Without the pictures, output the lines of the material from the very first through the one that holds "Vacheron Constantin Overseas".

» GIVEN DATA
--------------------

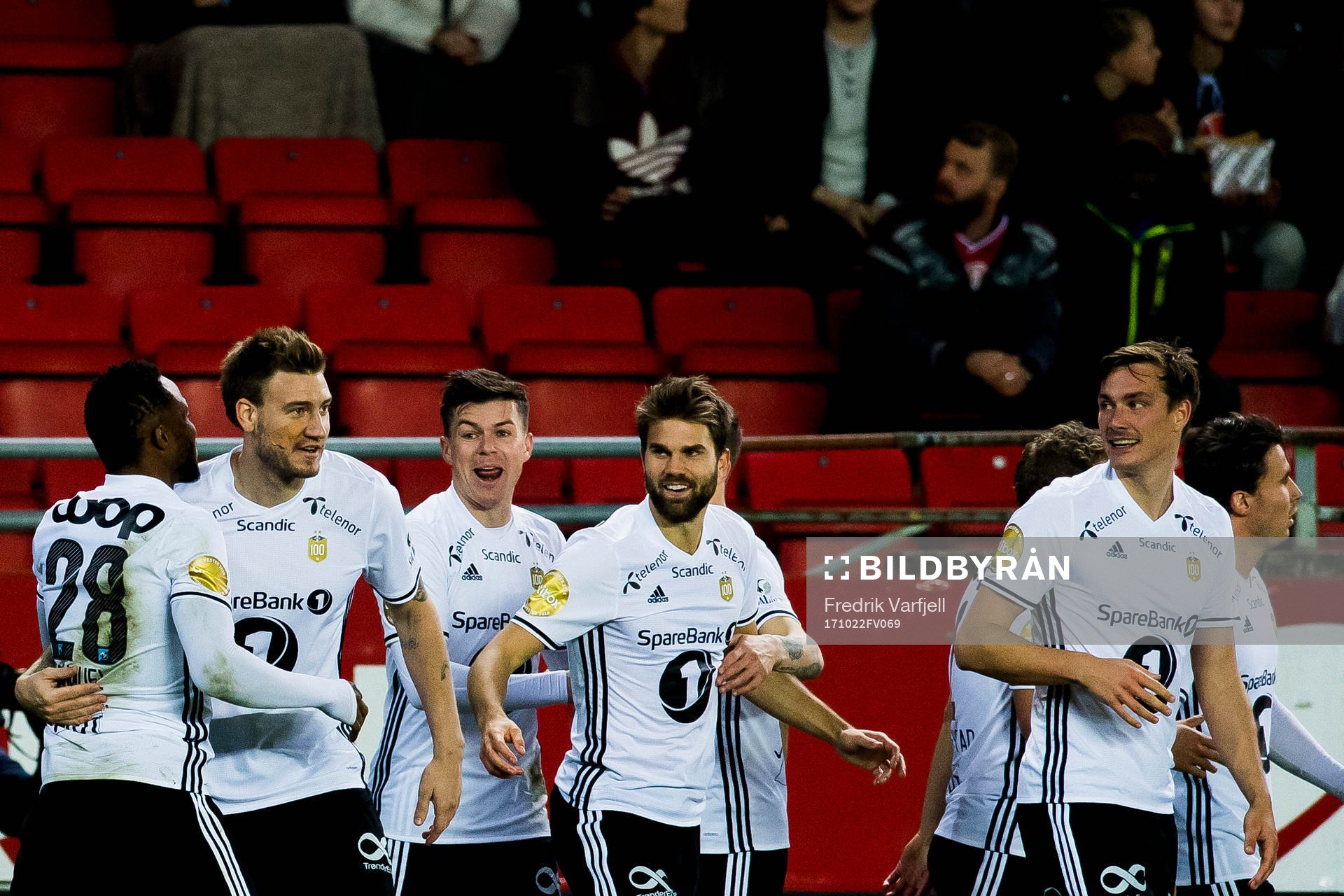 Nicklas Bendtner of Rosenborg celebrates with his teammates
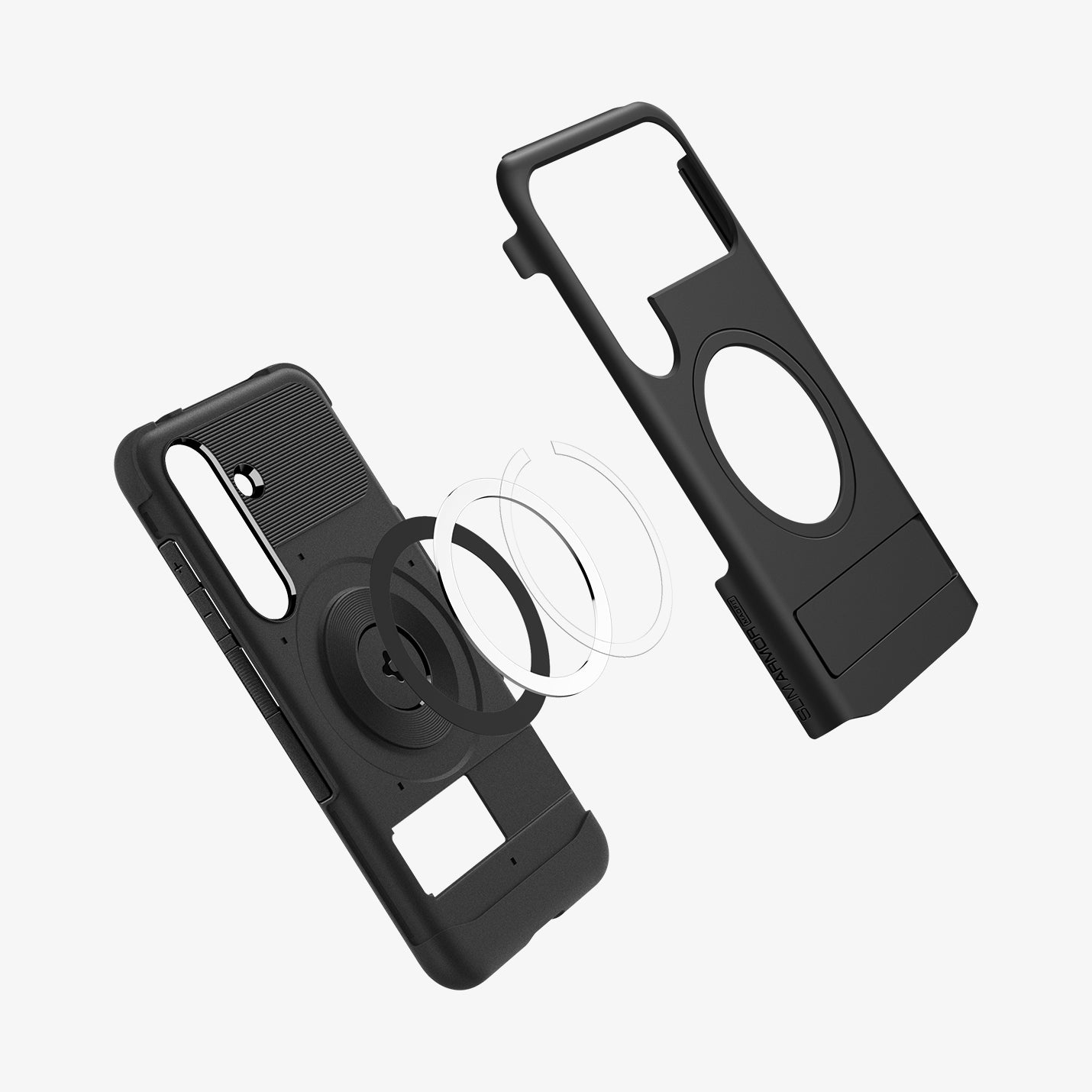 ACS08915 - Galaxy S25 Plus Case Slim Armor (MagFit) in Black showing the back, hovering in front of the magring and soft layer of the case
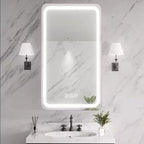 Mobiletto portamedicine rettangolare FAMYYT 40 x 70 cm in ferro con specchio, luce LED dimmerabile, antiappannamento e prese di corrente - Completamente assemblato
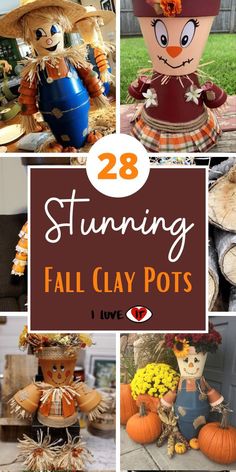 fall clay pots Clay Pot Scarecrow, Thanksgiving Decorations Table Setting, Diy Terra Cotta Pots, Pumpkin Planter, Dollar Tree Fall, Fall Kitchen Decor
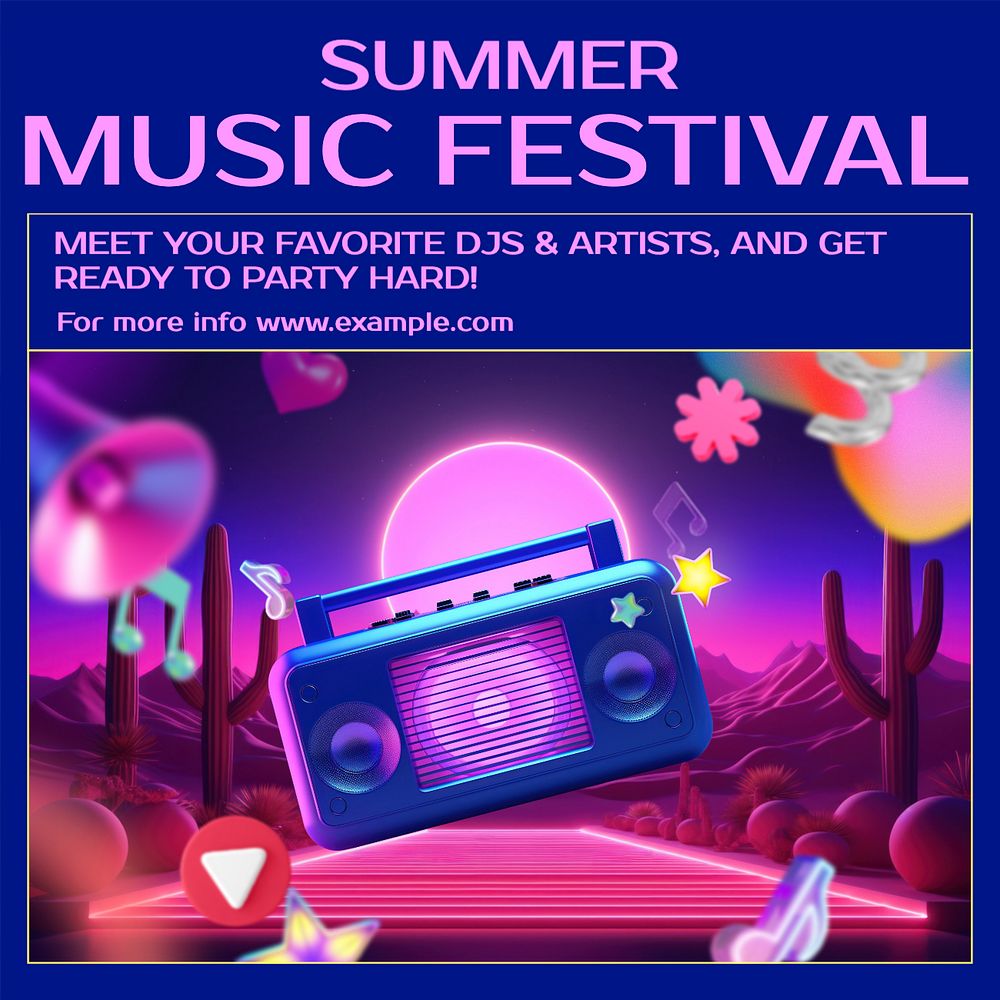 Summer music festival Instagram post template, editable text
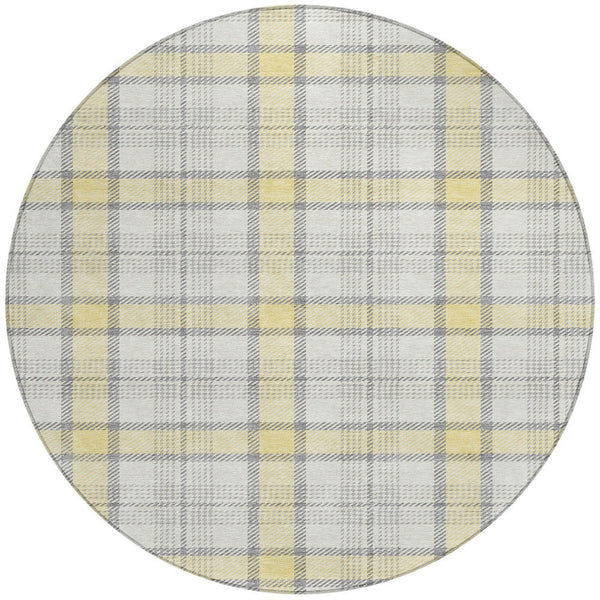 Homeroots 3' Aqua And Gray Plaid Washable Area Rug - Durable Indoor Outdoor Design For High Traffic Spaces 8' Round Polyester 601376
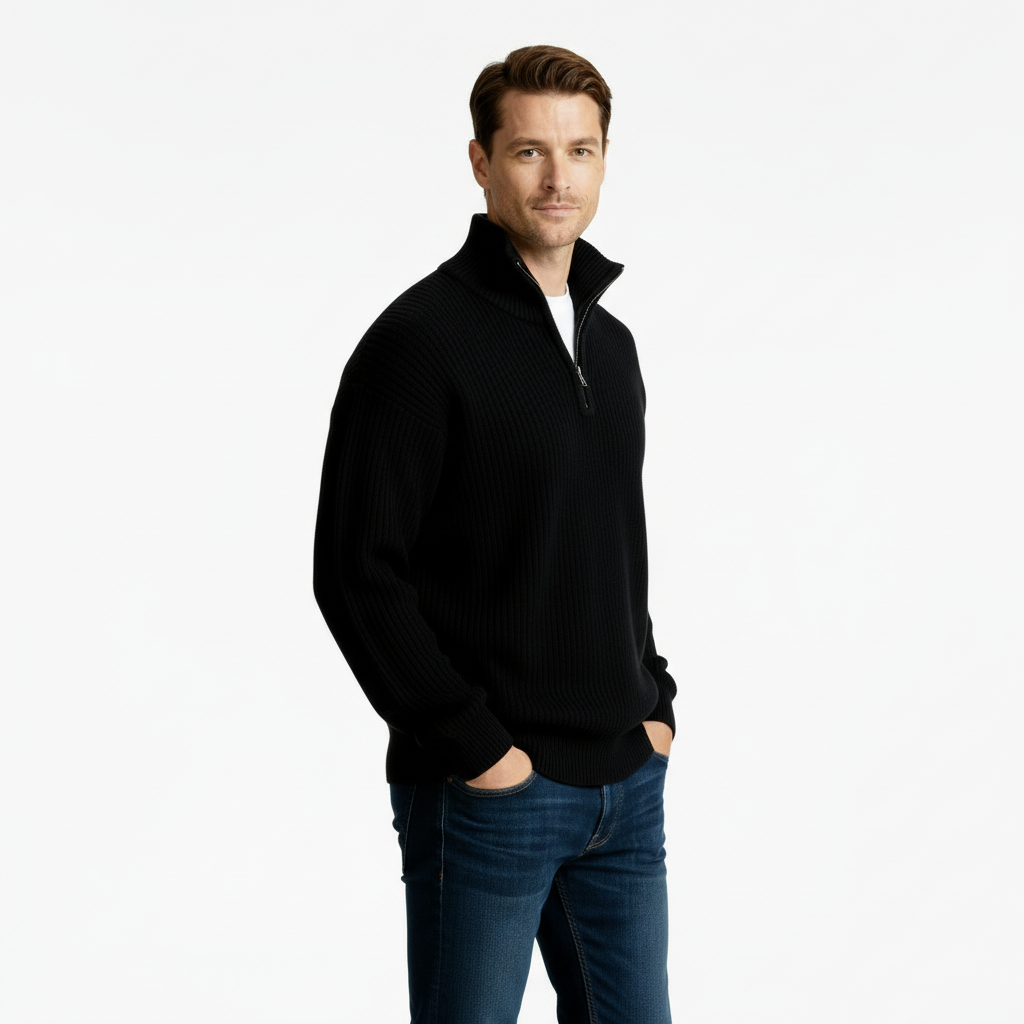 Men's Knitted Half-Zip Sweater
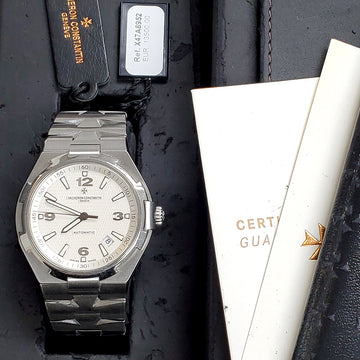 Vacheron Constantin Overseas 42.5mm Silver Dial Steel Watch 47040 Box Papers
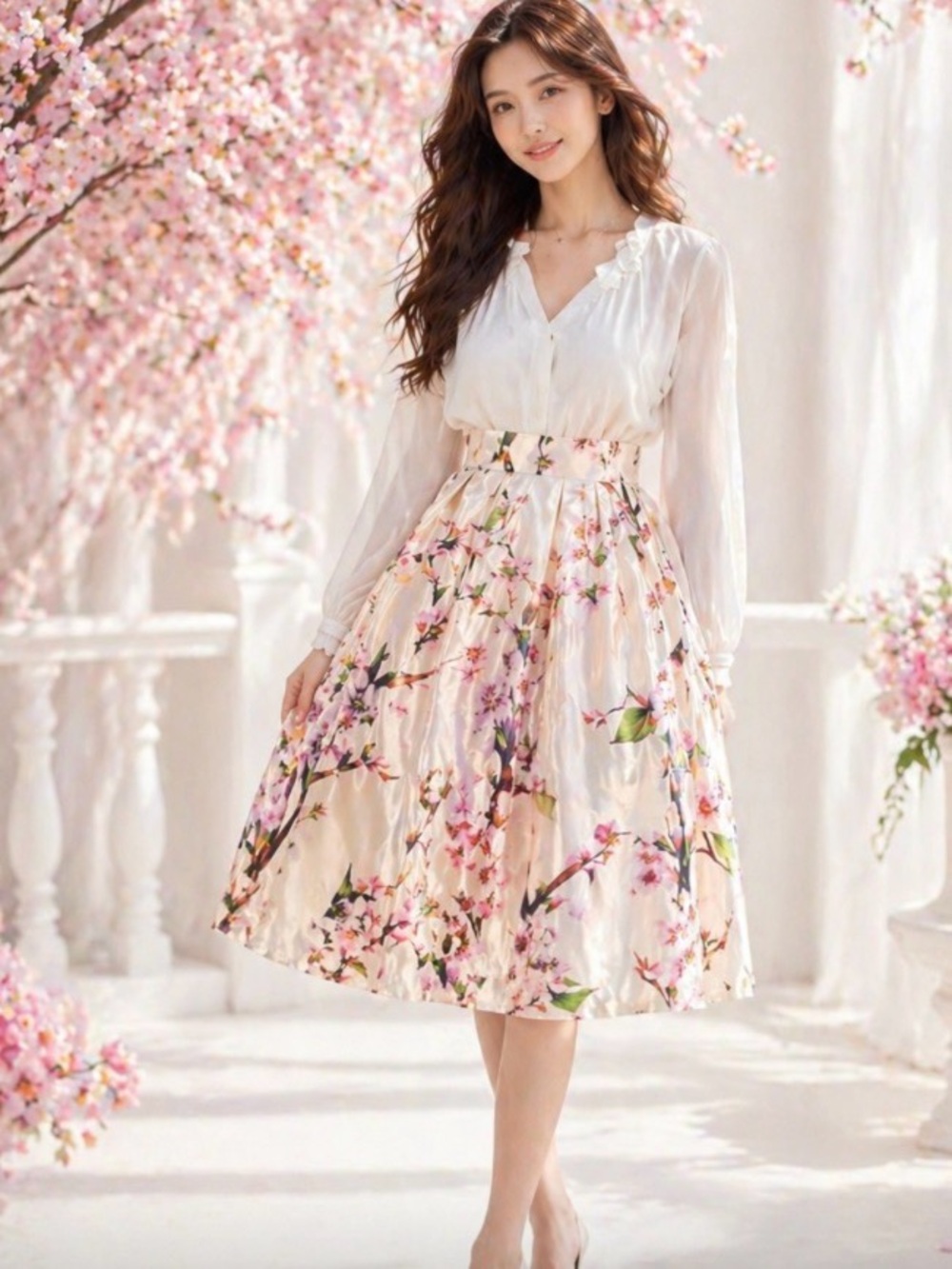 Choies Cherry Blossoms 🌸 white Cream A-Line Skirt with Pink Floral Print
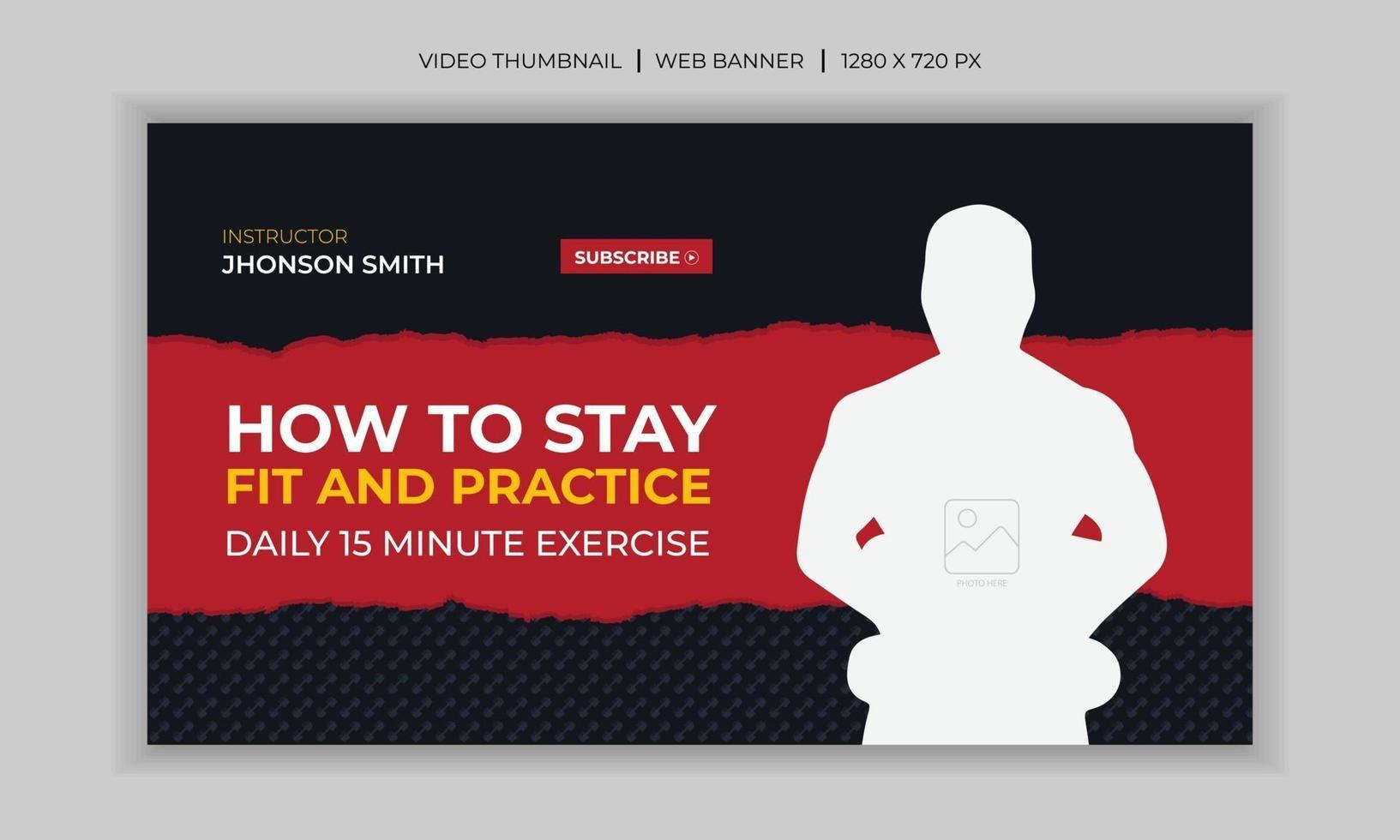 Fitness gym web banner and video thumbnail template design vector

--------------------

» SOLUTION FOR THIS EXERCISE
 Nicklas Bendtner of Rosenborg celebrates with his teammates
 ACS08915 - Galaxy S25 Plus Case Slim Armor (MagFit) in Black showing the back, hovering in front of the magring and soft layer of the case
 Mobiletto portamedicine rettangolare FAMYYT 40 x 70 cm in ferro con specchio, luce LED dimmerabile, antiappannamento e prese di corrente - Completamente assemblato
 fall clay pots Clay Pot Scarecrow, Thanksgiving Decorations Table Setting, Diy Terra Cotta Pots, Pumpkin Planter, Dollar Tree Fall, Fall Kitchen Decor
 Summer music festival Instagram post template, editable text
 Homeroots 3' Aqua And Gray Plaid Washable Area Rug - Durable Indoor Outdoor Design For High Traffic Spaces 8' Round Polyester 601376
 Men's Knitted Half-Zip Sweater
 Vacheron Constantin Overseas 42.5mm Silver Dial Steel Watch 47040 Box Papers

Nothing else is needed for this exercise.